Wilkie Collins
Disclaimer: I don't own Hetalia, nor do I have any author-slaves.
'Having a dinner party, are we?' Wilkie Collins asked, shedding his cloak, cane and top hat by the door. They began to sink towards the floor, very slowly, like dry ice or thistledown. In about half an hour, England reflected, there would be a fine clutter on the floor.
'Tolkien!' Mr Collins said heartily, striding forward to shake his fellow author by the hand. 'I was hoping to bump into you again! And who do we have here?' He turned to the three European nations. 'Bonnefoy, you old scoundrel! Fancy meeting you here of all places. Making a go of things again, are we?' He looked between France and England. 'Well, I thoroughly approve; let bygones be bygones and all that. And Ludwig, and little Feliciano too!
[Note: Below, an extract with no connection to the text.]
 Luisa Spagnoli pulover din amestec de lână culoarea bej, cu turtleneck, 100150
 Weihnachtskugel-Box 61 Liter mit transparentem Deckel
My, my, you do know how to pick the company, don't you, Arthur?'
'Meaning what?' England asked tersely. He could feel prickles of sweat breaking out on his shirt; Mr Collins hadn't said anything completely unacceptable yet, but it was only a matter of time.
'Oh, I meant no disrespect to your guests,' Mr Collins assured him, taking a seat without being invited. 'A variety of nationalities; an array of subjects and opinions. I'm sure the conversation was absolutely thriving.'
'Chance would be a fine thing,' England muttered.
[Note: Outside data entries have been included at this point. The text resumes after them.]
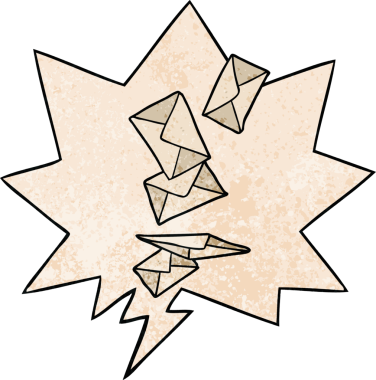 karikatür zarfları bir insan tarafından çizilmiş olan eski dokular şeklinde konuşma baloncuğuyla düşüyor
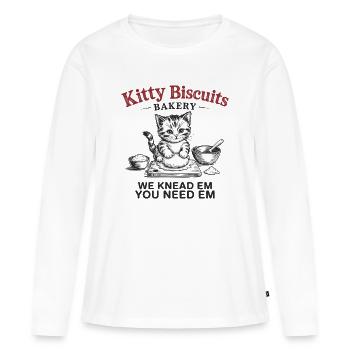 Kitty Biscuits Bakery - We Knead Em, You Need Em - T-shirt manches longues Premium bio Femme - blanc - Devant - Julia (174cm)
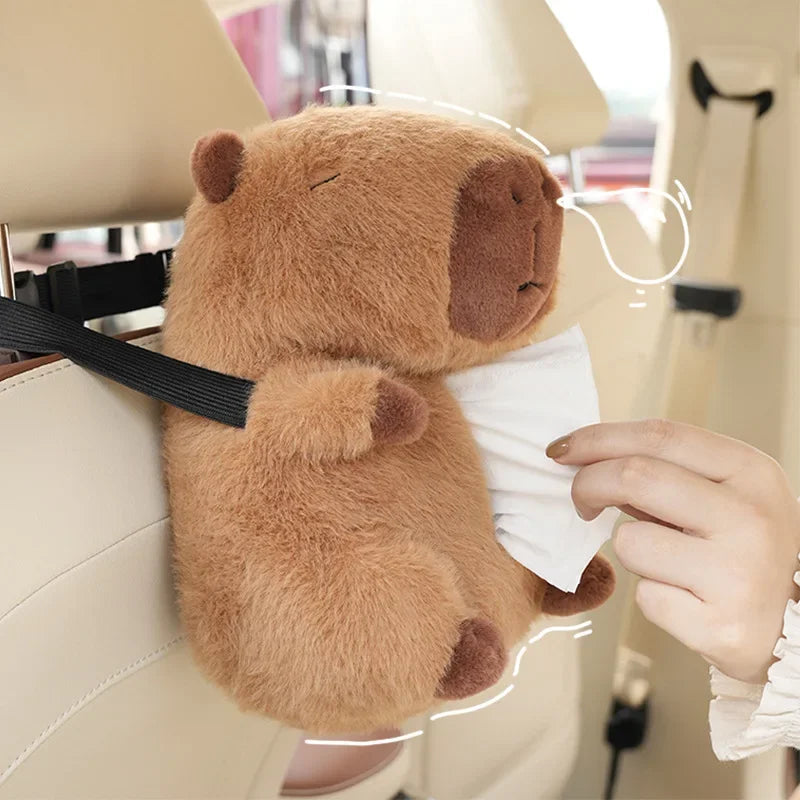 kawaiies-softtoys-plushies-kawaii-plush-Cuddly Capybara Car Plush Tissue Box Cover Car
'So,' Mr Collins said, 'would you object if I sat and shared a pipe with you?'
'Not at all,' Tolkien said mildly, as Italy nodded eagerly, Germany grunted, 'feel free,' and France made a sweeping gesture of acquiescence.
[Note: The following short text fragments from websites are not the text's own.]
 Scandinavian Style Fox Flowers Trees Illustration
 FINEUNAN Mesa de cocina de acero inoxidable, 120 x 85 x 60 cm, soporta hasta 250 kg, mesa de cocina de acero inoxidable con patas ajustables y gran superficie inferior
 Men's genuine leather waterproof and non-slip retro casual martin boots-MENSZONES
'Yes,' Mr Collins said, sitting back comfortably and smiling at this universal approval – well, almost universal – England was quietly gnashing his teeth. 'The most stimulating social occasions of my lifetime were always accompanied by the presence of foreign ladies and gentlemen. As well as the unorthodox notions they brought to the table, it was often amusing to watch the occasional outlandish turns of their characters, just as now, when each of you welcomed me after the fashion of his fellow countrymen.'
'Collins,' Tolkien put in, catching England's agonised grimace, 'perhaps now is not quite the time –'
'Such observations are an author's bread and butter!' Mr Collins overrode him. 'While other men move in the sea of life and society, we view it from above, as it were, and take note of whatever peculiarities happen to amuse us…we are caricaturists, if you will, in our own medium. Why, seeing you three countries gathered together in England's house reminds me very much of a scene in one of my best-known novels –'
'Oh, bother,' England sighed. He had heard this before.
' – "The Moonstone!"'
'The Moonstone,' Germany echoed, perhaps searching for a sensible response.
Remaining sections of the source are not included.